Ruling party candidate declared winner of close Albanian vote
- The election for mayor of Albania's capital was closely watched as indicator of stability
- Official results show a ruling-party candidate ousted a three-term opposition chief
- The opposition says it will challenge the results
Tirana, Albania (CNN) -- Albanian authorities Monday declared a winner in a closely watched race for mayor of the Balkan nation's capital, finding a challenger from the ruling party ousted the veteran incumbent by a double-digit margin.
Results from Albania's Central Election Commission gave former Interior Minister Lulzim Basha an 81-vote edge over three-term Tirana Mayor Edi Rama out of nearly 250,000 ballots cast.

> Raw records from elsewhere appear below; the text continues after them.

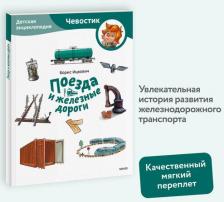 Литература Книга Борис Соломонович Ицкович. Поезда и железные дороги. Детская энциклопедия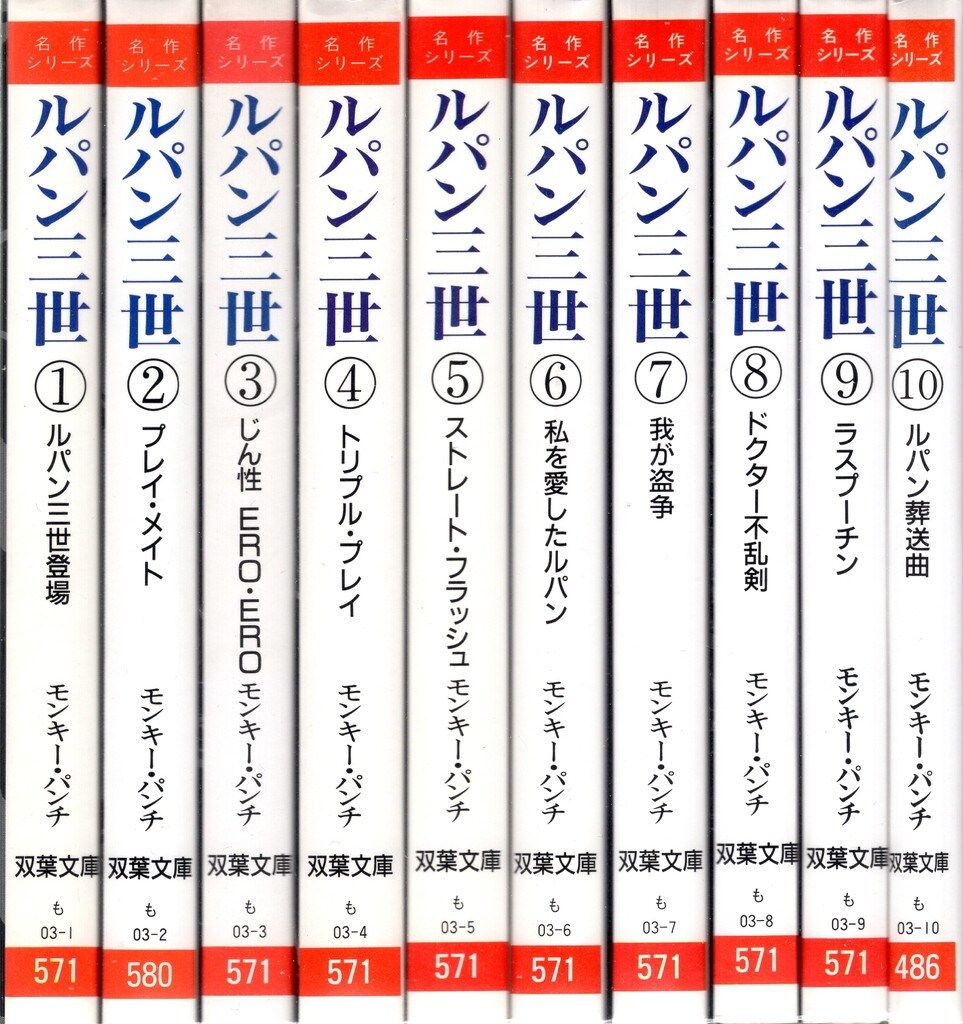 中央公論新社 中公文庫コミック版 モンキー・パンチ 新ルパン三世 文庫版 全13巻 セット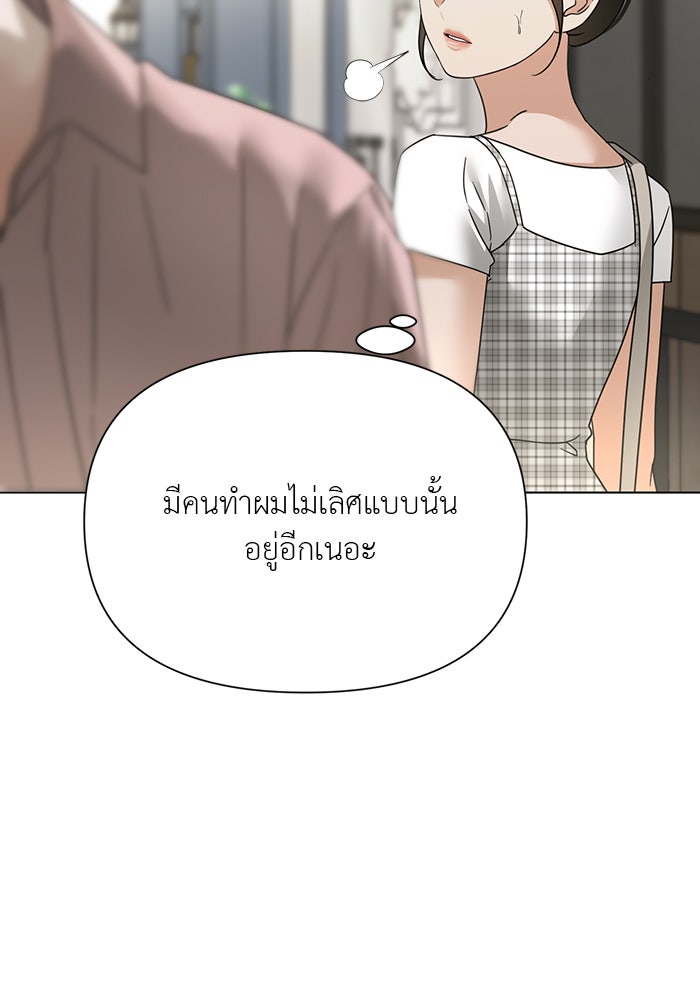 หน้าร้อนนี้กับโรมิโอ - หน้า 95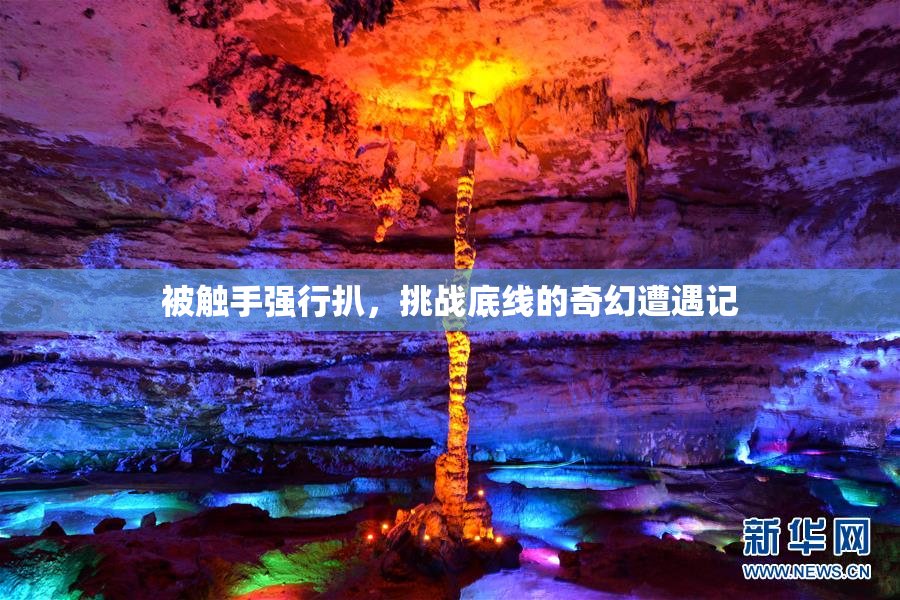 被触手强行扒，挑战底线的奇幻遭遇记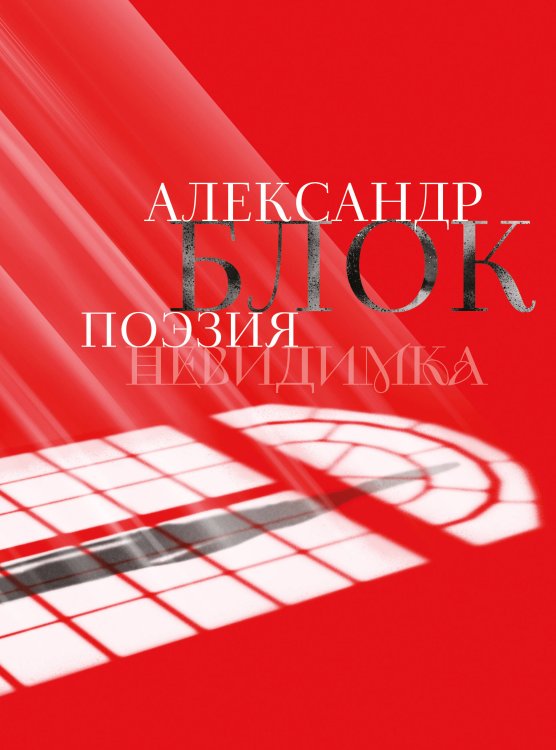 Александр Блок. Поэзия. Невидимка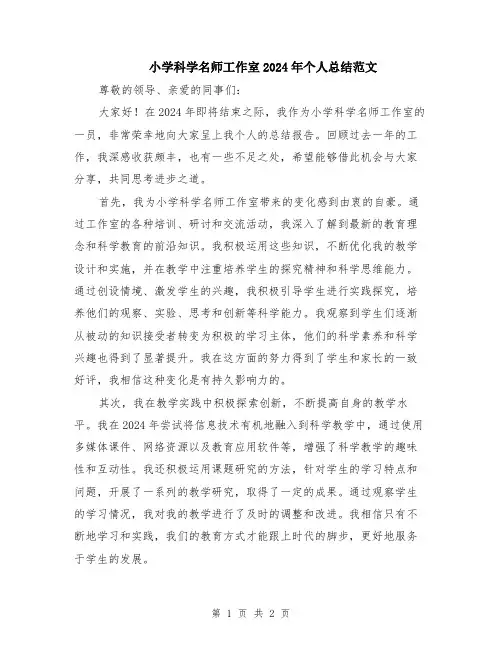 小学科学名师工作室2024年个人总结范文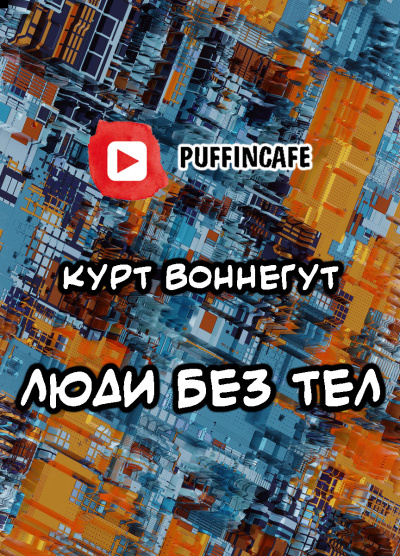 Слушайте бесплатные аудиокниги на русском языке | Audiobukva.com Воннегут Курт - Люди без тел
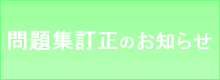 問題訂正のお知らせ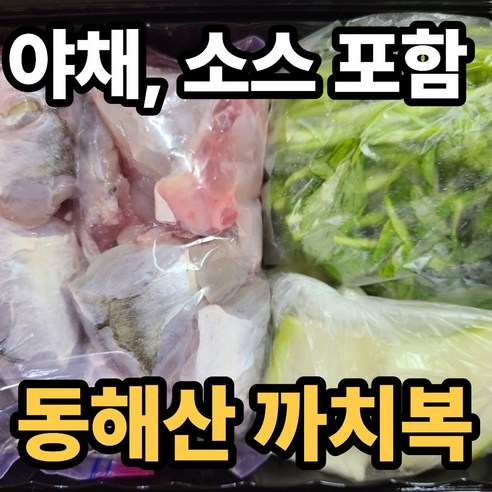 [동해산] 손질 까치복 복국 야채포함 생복어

Rama leads the opposition Socialist Party, while Basha was the candidate of the ruling Democratic Party.
Rama and his allies have raised claims of fraud, and the Socialists are expected to challenge the results through official channels and in the streets, said Fatmir Xhafa, a senior Socialist official.
"We are going into a dictatorship, and the protests against a dictatorship would be only the calmer part," Xhafa said.
Official challenges could drag out until July, said Leonard Olli, an election commission spokesman.
The vote was seen as an indicator of stability in Albania, long an isolated Stalinist enclave in southeastern Europe. The contest sparked protests in Tirana and other towns last week, when the electoral commission found Rama held a 10-vote lead.
Socialist supporters clashed with police outside the commission's headquarters and tried to force their way into the building, only to be pushed back by police.
Albania abandoned Communism in the 1990s, but its path to democracy has been bumpy. Past elections have been criticized as being neither free nor fair, and about 300 international monitors and observers were on hand for this year's vote -- a test of whether Albania was ready to join the European Union.
Rama has accused the ruling Democrats of corruption and demanded the resignation of Prime Minister Sal Berisha, whom the Socialists accuse of rigging the 2009 elections. Four people died in clashes with police outside Berisha's office in January, deaths that each side blamed on the other.